→ Task objective: In the entries below, which lines run from the one containing "Yamaha TZR 250 Blanc - thumbnail 9" to the one containing "Testo Mishalka 30litr"? Copy exactly those lines, ends included, and no others.
** Opening Records provided block **
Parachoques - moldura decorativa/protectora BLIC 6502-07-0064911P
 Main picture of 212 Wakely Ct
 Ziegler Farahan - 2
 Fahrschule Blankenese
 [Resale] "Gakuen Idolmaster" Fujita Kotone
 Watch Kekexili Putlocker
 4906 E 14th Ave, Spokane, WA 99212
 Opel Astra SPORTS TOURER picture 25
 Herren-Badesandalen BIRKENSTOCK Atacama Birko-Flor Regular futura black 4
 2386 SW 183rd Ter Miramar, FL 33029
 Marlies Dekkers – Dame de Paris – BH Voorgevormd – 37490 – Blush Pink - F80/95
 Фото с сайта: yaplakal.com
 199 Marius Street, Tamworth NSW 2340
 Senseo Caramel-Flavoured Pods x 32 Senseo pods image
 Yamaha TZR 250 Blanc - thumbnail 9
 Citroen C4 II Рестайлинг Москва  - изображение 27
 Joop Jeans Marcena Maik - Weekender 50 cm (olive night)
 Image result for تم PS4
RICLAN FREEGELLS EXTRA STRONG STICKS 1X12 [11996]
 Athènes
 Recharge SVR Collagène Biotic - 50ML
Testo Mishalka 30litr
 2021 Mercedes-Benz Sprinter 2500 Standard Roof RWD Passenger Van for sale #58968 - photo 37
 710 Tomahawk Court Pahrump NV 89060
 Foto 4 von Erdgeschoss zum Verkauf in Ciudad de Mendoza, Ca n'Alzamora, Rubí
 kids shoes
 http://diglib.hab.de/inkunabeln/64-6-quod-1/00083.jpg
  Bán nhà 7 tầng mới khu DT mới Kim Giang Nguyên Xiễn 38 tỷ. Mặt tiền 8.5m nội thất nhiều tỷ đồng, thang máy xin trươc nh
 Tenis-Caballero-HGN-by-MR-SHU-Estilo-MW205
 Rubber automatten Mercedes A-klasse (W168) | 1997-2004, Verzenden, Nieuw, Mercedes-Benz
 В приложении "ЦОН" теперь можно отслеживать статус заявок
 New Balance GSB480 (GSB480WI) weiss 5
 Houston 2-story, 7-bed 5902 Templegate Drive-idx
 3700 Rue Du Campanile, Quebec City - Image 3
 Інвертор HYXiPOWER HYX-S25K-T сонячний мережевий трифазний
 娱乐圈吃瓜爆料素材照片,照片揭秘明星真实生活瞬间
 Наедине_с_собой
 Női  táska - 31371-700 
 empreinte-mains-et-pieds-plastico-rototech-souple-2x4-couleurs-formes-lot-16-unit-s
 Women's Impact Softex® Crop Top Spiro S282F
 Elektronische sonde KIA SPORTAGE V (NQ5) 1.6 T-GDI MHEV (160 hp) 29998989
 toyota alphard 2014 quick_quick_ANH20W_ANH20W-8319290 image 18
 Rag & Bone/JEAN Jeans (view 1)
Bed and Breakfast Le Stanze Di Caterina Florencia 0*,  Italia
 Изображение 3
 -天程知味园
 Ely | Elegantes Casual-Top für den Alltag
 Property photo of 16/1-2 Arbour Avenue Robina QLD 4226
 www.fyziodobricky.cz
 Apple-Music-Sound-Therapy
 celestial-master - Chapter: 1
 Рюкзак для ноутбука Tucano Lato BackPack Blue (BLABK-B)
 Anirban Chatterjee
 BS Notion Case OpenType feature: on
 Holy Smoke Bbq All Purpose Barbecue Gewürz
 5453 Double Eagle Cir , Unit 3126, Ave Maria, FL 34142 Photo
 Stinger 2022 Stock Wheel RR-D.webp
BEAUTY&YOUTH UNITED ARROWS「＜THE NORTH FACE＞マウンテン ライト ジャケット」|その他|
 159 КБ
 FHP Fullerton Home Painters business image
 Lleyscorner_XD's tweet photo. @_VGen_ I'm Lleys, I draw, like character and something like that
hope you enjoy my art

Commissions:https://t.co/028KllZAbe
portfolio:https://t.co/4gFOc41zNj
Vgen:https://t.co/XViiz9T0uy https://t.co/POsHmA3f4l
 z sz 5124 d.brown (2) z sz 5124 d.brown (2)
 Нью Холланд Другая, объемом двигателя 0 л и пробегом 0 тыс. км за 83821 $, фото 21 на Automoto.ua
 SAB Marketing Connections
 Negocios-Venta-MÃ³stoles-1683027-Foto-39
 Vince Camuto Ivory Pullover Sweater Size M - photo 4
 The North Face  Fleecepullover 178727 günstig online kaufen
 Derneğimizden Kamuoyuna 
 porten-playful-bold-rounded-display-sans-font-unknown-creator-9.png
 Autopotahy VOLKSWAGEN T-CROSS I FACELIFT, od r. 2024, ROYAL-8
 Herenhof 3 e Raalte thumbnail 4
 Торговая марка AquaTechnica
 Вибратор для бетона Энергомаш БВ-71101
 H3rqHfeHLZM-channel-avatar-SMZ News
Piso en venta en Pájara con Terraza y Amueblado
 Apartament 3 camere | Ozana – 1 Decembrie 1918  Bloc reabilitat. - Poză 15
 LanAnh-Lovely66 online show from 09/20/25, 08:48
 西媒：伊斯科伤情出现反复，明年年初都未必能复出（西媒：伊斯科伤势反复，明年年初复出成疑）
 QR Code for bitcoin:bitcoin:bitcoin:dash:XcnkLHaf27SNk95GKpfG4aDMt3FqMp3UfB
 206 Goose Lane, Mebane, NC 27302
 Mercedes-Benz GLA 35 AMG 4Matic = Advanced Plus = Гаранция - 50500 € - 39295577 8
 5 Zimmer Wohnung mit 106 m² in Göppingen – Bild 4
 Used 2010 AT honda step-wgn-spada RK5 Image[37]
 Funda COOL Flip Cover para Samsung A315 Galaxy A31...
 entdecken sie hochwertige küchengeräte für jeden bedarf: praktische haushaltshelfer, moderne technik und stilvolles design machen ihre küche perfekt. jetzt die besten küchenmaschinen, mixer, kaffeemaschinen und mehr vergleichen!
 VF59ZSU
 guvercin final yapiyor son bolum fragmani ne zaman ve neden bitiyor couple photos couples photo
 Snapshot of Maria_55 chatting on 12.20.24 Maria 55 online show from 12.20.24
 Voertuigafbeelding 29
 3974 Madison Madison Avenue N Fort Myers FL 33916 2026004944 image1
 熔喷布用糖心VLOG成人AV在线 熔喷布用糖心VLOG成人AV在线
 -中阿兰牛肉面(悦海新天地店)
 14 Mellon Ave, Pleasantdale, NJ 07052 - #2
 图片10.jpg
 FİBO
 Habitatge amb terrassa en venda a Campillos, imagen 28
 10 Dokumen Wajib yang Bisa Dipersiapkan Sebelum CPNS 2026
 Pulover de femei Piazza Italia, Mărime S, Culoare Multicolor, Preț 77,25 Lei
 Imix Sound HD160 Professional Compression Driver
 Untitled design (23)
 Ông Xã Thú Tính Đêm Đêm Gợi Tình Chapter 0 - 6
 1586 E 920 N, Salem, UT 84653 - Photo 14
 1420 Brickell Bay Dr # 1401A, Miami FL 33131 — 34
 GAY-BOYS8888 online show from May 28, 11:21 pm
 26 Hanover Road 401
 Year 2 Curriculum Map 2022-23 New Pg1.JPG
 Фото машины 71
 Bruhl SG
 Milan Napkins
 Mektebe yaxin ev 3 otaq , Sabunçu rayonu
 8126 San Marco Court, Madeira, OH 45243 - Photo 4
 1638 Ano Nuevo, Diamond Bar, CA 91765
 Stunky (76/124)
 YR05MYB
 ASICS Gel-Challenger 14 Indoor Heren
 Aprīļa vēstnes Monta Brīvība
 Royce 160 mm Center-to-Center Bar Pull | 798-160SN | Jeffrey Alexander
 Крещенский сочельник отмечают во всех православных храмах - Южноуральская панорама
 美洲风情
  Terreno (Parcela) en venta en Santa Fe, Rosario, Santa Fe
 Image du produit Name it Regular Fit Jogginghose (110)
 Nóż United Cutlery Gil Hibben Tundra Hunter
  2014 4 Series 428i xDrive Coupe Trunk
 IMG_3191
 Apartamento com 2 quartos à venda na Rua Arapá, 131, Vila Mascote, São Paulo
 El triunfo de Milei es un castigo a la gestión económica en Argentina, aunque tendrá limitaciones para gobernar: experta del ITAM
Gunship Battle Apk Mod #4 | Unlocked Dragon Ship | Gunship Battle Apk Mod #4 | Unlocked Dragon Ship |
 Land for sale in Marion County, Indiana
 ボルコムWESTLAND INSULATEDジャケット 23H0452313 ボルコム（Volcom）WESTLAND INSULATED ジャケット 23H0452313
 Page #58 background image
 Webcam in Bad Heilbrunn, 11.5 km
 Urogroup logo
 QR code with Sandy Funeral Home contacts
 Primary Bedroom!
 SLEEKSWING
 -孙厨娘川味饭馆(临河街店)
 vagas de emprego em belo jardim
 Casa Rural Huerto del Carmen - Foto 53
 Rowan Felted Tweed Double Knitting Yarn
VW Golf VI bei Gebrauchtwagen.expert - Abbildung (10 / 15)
** Closing Records provided block **
→ Output of the exercise:
 Yamaha TZR 250 Blanc - thumbnail 9
 Citroen C4 II Рестайлинг Москва  - изображение 27
 Joop Jeans Marcena Maik - Weekender 50 cm (olive night)
 Image result for تم PS4
RICLAN FREEGELLS EXTRA STRONG STICKS 1X12 [11996]
 Athènes
 Recharge SVR Collagène Biotic - 50ML
Testo Mishalka 30litr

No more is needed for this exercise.